> EXTRACTED INFORMATION

▼

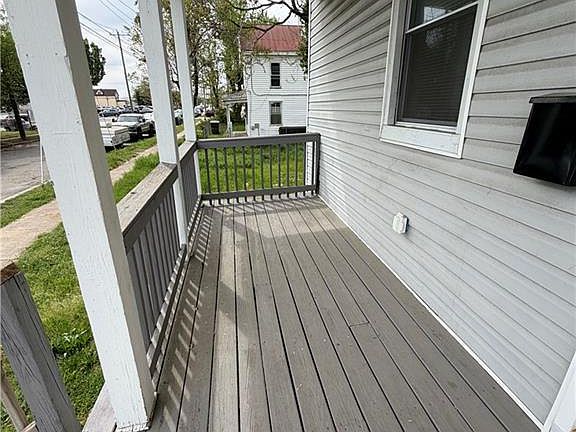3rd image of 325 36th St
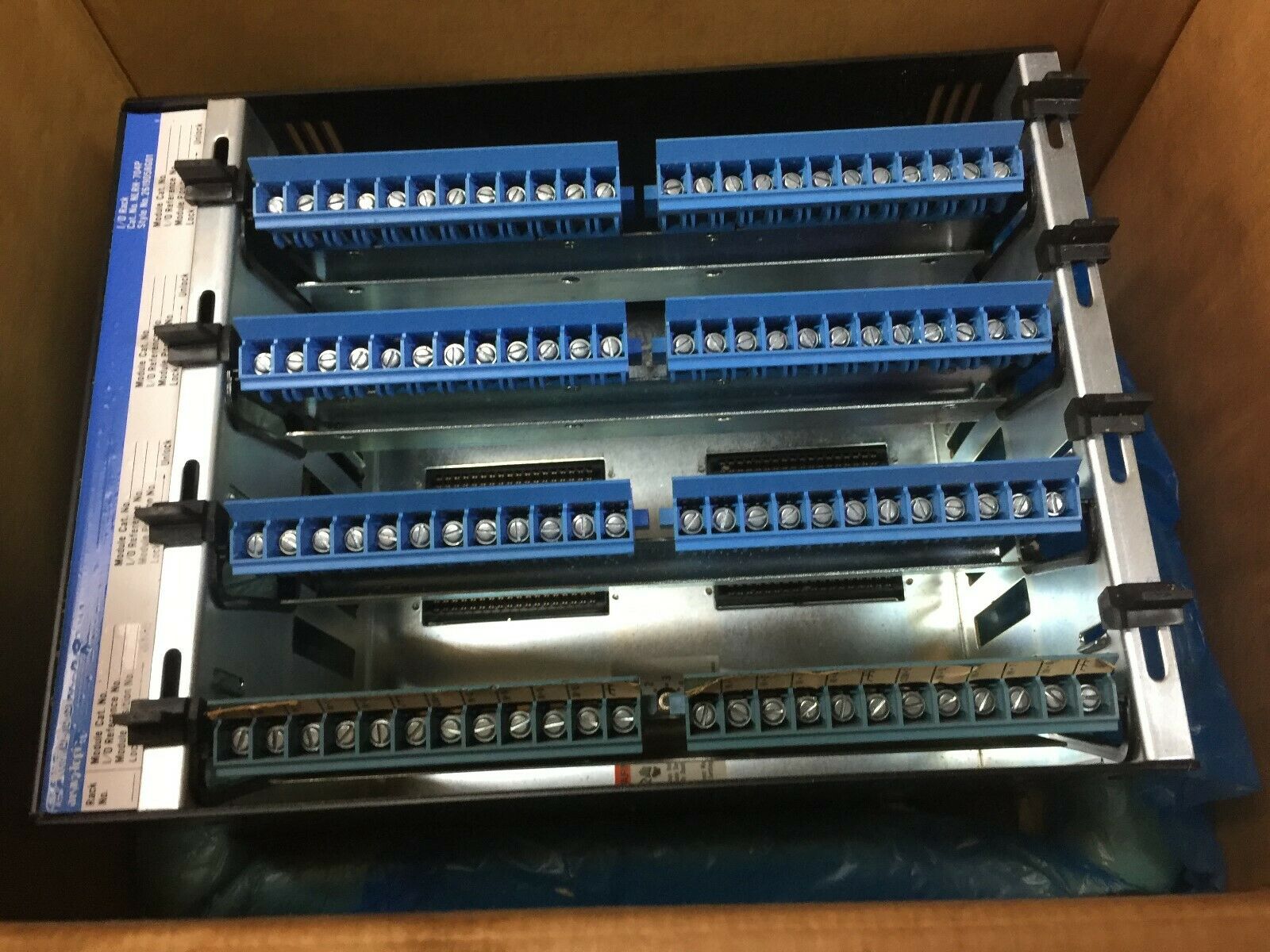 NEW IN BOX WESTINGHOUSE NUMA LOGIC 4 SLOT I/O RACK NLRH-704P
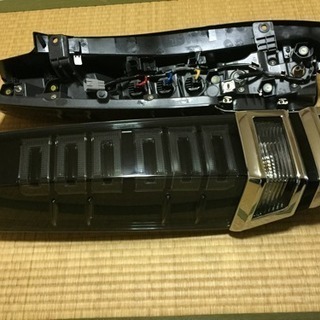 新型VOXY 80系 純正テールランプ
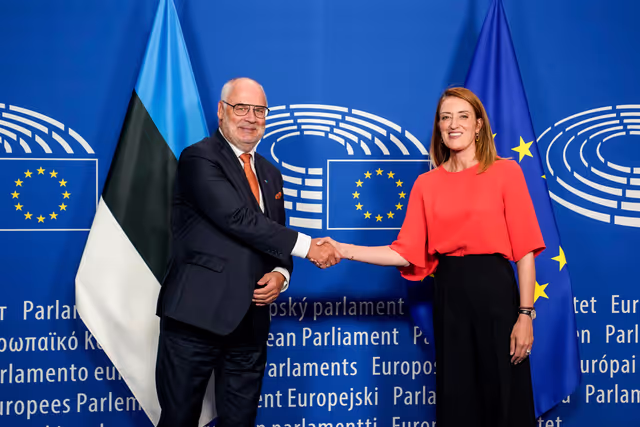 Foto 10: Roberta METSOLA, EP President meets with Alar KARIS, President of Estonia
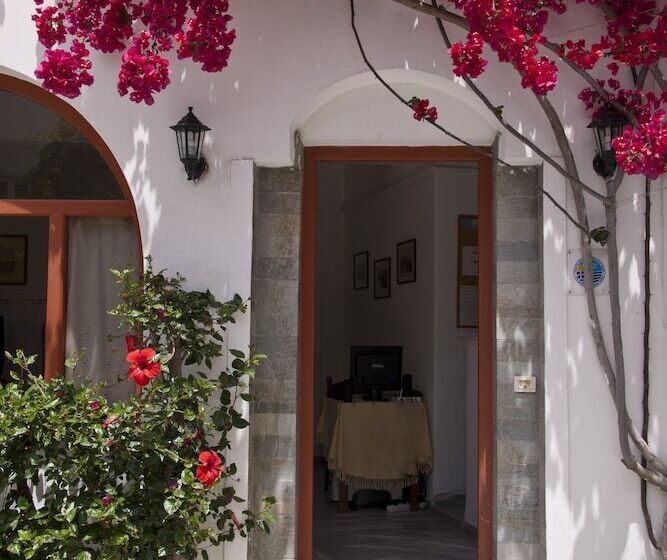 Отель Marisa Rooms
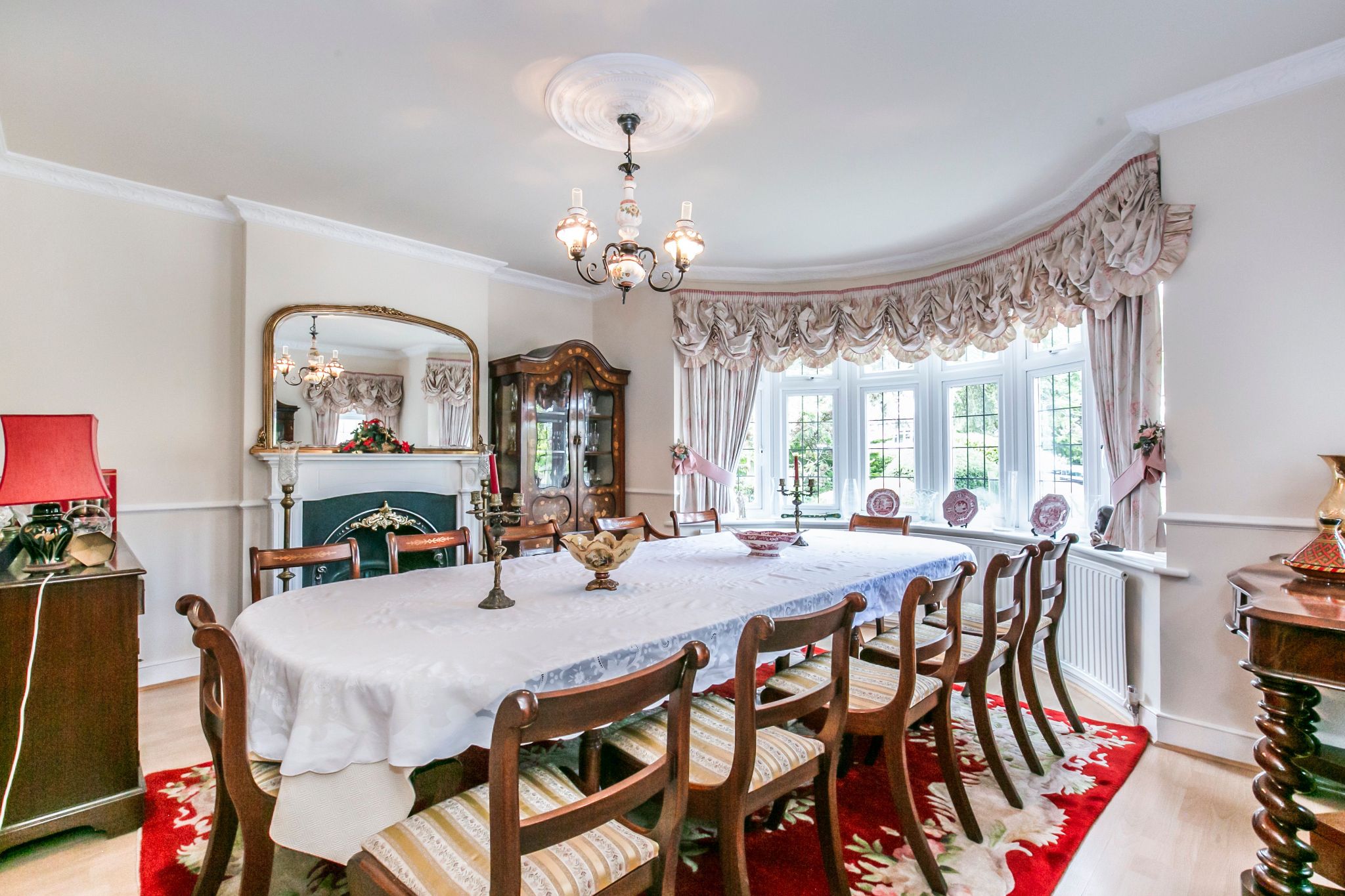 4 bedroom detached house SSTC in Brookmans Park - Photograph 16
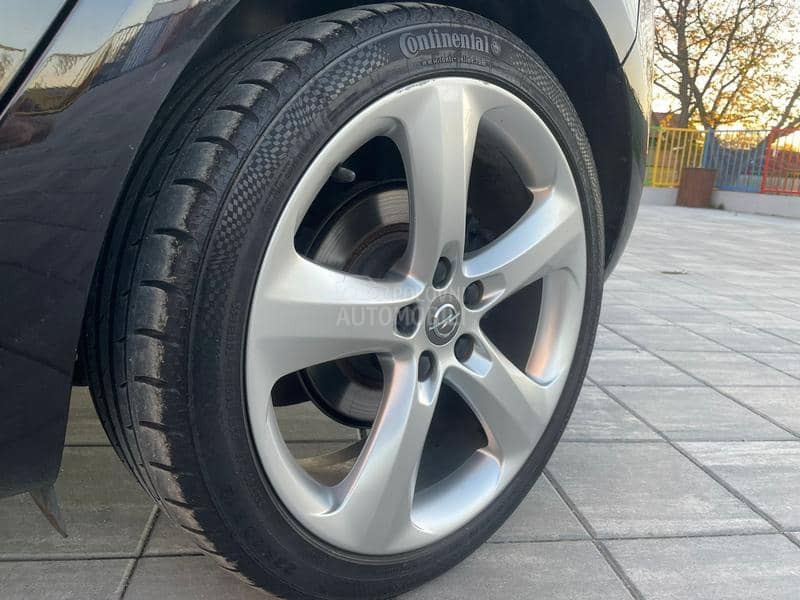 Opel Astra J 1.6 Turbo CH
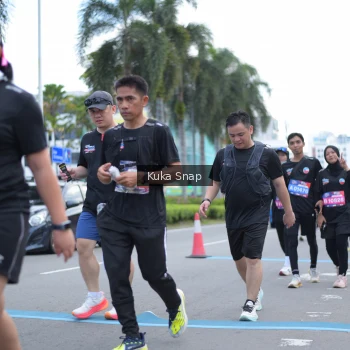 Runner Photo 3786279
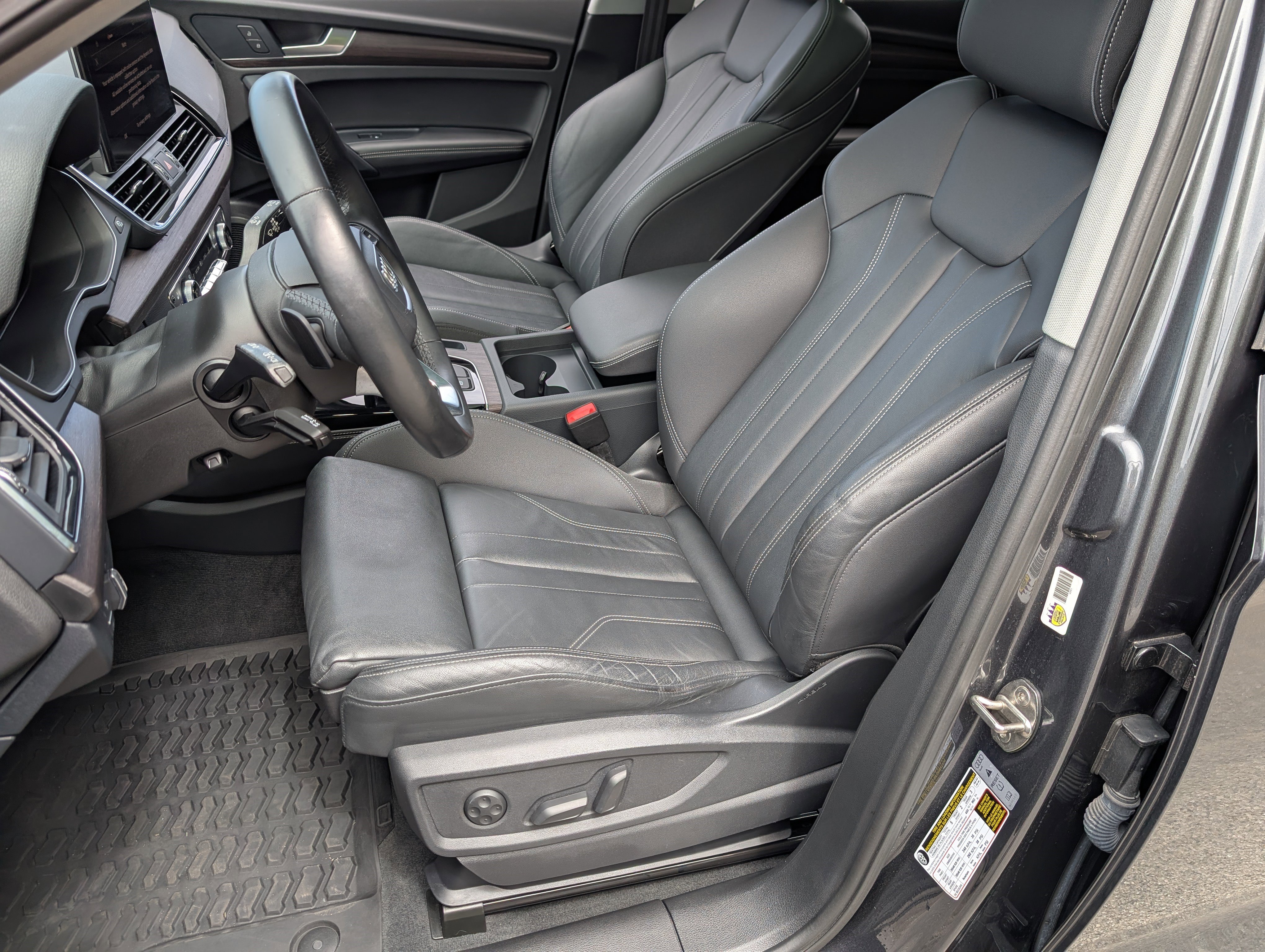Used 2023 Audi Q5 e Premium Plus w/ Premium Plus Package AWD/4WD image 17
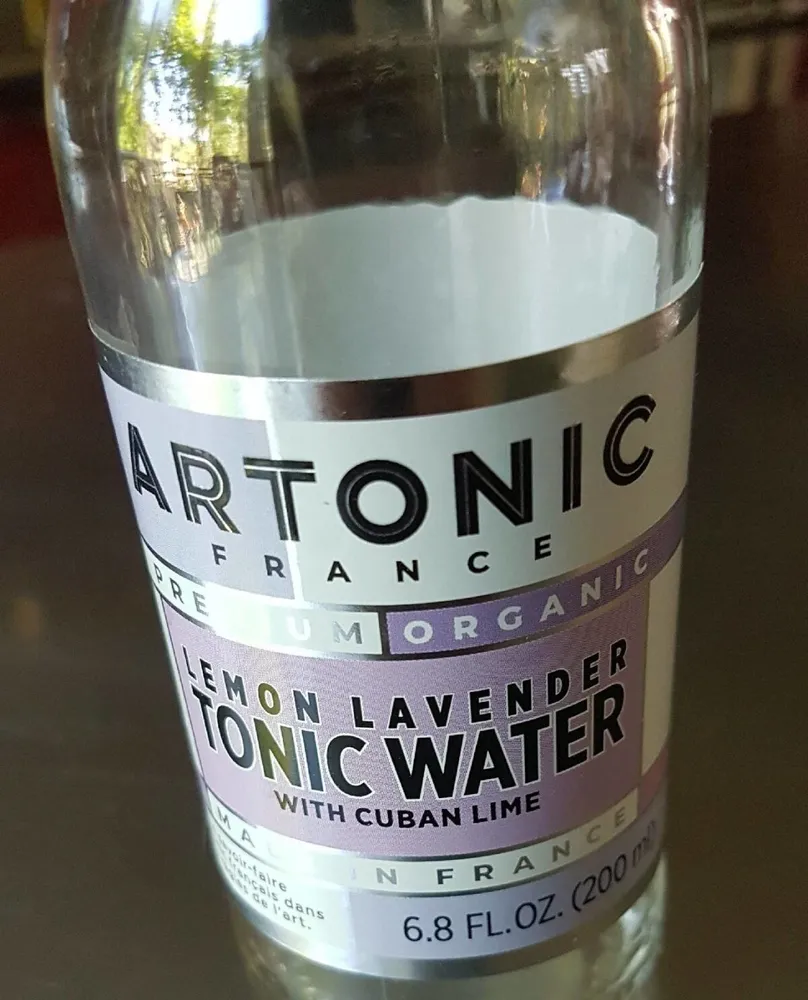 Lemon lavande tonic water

▲

> WHAT THE TASK REQUIRES
Return each line from the material above exactly, but not the pictures.

> RESULT
3rd image of 325 36th St
 NEW IN BOX WESTINGHOUSE NUMA LOGIC 4 SLOT I/O RACK NLRH-704P
 新型VOXY 80系 純正テールランプ
 Foto 10: Roberta METSOLA, EP President meets with Alar KARIS, President of Estonia
 Отель Marisa Rooms
 4 bedroom detached house SSTC in Brookmans Park - Photograph 16
 Opel Astra J 1.6 Turbo CH
 Runner Photo 3786279
Used 2023 Audi Q5 e Premium Plus w/ Premium Plus Package AWD/4WD image 17
 Lemon lavande tonic water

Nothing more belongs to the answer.